▶ _TASK BRIEF_
From the records below, return every line containing the word "Road".

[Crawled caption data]

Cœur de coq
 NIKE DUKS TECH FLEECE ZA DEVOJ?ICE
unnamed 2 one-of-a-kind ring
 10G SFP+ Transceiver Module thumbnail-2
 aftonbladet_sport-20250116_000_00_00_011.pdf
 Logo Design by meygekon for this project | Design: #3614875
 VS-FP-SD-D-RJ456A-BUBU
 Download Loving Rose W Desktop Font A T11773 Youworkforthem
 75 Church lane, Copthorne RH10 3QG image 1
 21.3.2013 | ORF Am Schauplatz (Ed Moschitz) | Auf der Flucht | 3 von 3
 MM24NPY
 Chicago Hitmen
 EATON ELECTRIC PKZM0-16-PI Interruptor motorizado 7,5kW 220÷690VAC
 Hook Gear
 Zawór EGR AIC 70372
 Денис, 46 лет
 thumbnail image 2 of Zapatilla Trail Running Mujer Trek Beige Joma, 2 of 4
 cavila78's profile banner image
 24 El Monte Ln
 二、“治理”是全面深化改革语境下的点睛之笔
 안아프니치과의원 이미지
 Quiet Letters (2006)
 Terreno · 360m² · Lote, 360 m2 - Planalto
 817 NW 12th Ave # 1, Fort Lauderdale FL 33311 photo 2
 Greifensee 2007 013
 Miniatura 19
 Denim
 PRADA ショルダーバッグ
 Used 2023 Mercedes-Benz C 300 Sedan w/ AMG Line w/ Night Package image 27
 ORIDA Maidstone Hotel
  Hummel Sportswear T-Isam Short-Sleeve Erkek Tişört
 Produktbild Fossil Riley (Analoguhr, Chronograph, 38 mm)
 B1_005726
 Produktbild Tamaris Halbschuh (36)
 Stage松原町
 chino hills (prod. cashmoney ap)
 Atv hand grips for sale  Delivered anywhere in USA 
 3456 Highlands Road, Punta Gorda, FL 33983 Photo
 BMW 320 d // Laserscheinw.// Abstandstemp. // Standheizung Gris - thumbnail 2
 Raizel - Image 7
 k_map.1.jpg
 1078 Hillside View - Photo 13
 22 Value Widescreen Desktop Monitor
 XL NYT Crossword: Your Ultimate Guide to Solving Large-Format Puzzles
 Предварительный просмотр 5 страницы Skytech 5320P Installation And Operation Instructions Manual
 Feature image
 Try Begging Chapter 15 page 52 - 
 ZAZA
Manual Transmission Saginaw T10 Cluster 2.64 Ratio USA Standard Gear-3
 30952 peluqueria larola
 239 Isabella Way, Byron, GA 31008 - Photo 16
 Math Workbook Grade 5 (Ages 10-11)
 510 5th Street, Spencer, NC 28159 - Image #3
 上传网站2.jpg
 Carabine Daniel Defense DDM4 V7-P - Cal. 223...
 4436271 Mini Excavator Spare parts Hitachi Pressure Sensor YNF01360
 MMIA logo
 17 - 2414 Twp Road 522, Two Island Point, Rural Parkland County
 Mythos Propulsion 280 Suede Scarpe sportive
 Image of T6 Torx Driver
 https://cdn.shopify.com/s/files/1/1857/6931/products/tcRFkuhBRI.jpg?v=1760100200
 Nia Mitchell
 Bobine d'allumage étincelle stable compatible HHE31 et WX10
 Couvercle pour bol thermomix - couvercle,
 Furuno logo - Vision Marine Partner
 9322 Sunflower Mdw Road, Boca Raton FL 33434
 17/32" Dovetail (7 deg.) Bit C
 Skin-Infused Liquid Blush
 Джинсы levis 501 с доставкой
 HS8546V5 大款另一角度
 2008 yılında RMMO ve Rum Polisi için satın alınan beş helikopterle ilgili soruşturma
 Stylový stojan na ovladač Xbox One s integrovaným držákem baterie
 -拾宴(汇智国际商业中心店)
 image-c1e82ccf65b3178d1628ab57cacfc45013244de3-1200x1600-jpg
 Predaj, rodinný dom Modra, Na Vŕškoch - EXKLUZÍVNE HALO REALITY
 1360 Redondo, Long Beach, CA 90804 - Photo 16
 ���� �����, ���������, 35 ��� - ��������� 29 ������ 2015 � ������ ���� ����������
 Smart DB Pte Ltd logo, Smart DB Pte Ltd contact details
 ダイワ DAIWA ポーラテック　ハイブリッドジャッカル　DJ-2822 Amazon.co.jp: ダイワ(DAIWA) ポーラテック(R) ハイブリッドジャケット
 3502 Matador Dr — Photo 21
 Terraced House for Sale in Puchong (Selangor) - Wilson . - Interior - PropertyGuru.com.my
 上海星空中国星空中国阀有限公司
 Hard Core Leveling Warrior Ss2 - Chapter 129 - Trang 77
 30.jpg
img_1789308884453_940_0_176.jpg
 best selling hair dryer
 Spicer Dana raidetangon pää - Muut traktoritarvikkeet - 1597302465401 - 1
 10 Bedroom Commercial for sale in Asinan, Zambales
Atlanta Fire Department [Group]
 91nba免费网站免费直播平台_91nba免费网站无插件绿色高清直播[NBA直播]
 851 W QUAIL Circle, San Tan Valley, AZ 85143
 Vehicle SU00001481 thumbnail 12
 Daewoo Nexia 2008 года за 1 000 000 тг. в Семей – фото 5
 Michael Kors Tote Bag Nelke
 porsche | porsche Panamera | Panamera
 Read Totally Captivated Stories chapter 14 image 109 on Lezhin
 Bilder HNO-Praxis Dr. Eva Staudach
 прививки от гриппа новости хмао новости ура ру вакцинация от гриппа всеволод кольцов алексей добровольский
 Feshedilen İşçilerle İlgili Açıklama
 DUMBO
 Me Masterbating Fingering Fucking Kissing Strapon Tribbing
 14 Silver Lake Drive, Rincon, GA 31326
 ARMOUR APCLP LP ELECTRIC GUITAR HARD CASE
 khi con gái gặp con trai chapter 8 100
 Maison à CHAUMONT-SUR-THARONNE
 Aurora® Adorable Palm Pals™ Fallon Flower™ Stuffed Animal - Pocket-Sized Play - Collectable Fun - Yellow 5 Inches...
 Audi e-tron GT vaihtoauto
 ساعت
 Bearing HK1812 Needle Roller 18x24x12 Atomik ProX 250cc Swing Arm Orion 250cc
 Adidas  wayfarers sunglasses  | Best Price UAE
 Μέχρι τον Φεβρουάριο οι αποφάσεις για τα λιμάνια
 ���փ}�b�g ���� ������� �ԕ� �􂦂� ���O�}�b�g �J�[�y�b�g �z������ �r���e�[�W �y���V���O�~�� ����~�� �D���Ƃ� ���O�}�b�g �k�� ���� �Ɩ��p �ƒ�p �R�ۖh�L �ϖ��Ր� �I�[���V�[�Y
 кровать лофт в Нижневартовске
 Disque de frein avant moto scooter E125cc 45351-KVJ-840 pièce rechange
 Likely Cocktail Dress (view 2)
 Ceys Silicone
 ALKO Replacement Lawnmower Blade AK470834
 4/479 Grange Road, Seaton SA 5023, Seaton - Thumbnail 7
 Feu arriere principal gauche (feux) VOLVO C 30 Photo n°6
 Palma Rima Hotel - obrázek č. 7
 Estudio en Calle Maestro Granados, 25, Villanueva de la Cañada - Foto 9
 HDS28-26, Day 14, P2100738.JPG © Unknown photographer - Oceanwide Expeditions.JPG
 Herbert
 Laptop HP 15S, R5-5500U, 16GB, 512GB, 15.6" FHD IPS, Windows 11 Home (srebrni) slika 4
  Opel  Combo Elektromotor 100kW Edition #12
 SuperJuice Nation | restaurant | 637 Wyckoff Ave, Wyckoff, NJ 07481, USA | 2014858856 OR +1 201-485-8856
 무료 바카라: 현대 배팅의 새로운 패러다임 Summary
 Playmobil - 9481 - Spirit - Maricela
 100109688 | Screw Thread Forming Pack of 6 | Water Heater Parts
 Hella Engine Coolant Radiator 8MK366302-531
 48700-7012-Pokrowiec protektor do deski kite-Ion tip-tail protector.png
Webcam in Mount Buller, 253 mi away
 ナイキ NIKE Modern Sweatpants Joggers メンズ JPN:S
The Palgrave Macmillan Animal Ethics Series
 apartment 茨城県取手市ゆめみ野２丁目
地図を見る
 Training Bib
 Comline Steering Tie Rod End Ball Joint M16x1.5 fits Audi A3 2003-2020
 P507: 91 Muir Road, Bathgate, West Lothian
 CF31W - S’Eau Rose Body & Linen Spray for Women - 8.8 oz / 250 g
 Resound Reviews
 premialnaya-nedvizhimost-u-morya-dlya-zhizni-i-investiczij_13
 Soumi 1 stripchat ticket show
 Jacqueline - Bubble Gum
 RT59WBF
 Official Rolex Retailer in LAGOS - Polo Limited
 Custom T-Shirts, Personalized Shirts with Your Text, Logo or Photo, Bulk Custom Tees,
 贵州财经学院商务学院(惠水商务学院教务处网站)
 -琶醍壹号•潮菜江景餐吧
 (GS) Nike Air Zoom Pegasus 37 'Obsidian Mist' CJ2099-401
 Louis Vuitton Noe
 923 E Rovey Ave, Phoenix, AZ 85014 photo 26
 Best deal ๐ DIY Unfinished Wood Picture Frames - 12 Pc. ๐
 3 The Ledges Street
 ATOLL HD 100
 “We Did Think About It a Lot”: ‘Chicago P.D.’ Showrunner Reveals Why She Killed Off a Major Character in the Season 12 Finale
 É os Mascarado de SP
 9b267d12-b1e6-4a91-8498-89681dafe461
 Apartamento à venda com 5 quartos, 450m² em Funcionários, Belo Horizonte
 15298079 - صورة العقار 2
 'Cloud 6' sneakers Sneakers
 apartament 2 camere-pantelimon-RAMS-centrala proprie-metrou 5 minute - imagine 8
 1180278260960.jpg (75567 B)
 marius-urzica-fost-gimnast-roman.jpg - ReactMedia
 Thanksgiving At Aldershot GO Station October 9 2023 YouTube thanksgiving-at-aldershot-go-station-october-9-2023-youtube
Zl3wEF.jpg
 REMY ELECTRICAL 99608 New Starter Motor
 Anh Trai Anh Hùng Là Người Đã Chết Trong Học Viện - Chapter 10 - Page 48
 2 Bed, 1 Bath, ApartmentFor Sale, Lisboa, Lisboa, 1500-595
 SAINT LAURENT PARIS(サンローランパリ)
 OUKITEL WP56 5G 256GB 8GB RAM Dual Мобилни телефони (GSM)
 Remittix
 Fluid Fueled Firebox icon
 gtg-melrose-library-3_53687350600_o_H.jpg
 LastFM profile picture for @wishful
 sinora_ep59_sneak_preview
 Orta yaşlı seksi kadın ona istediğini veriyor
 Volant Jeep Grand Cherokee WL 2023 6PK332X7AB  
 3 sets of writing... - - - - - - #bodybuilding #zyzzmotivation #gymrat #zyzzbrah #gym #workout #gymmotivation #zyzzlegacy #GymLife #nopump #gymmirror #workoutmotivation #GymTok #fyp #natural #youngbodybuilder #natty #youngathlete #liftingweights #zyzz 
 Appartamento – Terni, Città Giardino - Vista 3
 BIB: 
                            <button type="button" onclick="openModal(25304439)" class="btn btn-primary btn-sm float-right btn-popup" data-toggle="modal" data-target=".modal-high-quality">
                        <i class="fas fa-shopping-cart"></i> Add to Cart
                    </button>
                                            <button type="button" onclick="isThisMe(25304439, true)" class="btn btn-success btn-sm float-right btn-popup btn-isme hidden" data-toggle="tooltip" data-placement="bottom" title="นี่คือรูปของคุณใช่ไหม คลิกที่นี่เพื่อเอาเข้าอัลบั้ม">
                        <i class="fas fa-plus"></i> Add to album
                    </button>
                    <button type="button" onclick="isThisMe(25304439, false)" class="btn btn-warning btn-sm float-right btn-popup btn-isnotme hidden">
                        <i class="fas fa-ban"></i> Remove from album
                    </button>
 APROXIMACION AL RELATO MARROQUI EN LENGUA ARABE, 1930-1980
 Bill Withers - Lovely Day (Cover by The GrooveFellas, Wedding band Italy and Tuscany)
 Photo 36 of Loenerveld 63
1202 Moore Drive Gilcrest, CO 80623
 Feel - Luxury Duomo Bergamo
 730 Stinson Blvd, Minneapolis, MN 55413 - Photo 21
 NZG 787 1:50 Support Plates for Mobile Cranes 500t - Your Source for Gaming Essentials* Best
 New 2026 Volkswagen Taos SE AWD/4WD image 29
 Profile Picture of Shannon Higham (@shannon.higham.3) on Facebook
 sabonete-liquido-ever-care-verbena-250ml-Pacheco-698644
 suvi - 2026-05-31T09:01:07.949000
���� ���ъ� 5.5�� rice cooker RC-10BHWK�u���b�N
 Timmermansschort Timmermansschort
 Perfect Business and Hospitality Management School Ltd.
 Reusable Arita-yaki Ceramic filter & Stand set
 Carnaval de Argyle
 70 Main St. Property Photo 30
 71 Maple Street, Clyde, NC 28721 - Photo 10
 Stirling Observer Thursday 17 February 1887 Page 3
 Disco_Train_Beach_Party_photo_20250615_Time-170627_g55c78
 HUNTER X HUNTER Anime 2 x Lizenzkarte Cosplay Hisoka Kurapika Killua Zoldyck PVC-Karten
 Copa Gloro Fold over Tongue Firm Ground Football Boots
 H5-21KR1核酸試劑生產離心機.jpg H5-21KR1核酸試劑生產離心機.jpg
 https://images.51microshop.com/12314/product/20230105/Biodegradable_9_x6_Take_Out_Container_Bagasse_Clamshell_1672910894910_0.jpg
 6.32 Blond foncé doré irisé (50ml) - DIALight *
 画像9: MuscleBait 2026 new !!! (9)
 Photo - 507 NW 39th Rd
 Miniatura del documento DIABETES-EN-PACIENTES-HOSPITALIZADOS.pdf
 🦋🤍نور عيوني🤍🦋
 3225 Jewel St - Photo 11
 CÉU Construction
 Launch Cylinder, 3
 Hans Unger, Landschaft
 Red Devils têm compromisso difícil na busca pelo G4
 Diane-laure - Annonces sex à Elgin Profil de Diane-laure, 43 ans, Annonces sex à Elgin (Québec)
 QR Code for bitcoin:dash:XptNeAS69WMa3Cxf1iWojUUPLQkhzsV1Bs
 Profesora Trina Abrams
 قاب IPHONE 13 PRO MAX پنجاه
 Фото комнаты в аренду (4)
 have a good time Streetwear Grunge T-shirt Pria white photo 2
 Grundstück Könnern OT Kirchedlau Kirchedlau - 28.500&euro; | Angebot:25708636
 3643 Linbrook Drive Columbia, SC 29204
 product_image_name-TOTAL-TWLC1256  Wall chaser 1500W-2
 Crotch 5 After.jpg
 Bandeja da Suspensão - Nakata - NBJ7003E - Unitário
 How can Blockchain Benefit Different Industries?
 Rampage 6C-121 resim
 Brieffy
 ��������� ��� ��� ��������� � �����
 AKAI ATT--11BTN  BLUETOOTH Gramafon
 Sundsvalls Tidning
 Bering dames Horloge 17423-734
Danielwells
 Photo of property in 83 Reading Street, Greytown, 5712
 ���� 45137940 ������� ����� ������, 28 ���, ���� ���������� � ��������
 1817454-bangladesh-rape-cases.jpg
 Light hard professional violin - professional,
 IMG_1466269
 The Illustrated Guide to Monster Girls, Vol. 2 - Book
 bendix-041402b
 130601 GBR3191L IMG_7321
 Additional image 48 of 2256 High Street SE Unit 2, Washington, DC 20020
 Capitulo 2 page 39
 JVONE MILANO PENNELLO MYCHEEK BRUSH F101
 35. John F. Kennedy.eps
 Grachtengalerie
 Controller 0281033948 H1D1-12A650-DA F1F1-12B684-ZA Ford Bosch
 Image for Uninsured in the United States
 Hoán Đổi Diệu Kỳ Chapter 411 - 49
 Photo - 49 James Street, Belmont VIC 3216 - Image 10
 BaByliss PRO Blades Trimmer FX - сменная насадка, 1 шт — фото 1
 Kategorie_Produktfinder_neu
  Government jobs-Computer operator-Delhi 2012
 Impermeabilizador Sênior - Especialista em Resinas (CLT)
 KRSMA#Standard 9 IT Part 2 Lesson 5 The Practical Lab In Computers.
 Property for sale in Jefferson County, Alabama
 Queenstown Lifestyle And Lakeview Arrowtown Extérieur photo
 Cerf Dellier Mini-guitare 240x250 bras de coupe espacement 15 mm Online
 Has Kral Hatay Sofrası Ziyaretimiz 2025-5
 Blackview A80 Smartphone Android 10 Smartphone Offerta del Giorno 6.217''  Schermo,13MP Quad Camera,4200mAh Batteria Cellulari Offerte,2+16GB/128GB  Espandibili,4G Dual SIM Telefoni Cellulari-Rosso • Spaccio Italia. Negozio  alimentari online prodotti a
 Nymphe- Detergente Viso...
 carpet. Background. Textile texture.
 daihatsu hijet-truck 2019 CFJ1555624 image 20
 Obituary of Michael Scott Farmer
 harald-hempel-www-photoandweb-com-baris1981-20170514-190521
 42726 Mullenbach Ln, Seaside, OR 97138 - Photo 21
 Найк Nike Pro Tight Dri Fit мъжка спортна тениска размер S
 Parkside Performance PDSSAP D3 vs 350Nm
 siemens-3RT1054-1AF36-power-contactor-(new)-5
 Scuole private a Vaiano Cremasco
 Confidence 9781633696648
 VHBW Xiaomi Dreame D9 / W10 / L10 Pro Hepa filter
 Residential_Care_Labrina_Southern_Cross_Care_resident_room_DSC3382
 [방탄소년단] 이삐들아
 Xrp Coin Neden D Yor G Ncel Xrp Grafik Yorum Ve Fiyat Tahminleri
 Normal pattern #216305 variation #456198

▶ _EXERCISE RESULT_
 3456 Highlands Road, Punta Gorda, FL 33983 Photo
 17 - 2414 Twp Road 522, Two Island Point, Rural Parkland County
 9322 Sunflower Mdw Road, Boca Raton FL 33434
 4/479 Grange Road, Seaton SA 5023, Seaton - Thumbnail 7
 P507: 91 Muir Road, Bathgate, West Lothian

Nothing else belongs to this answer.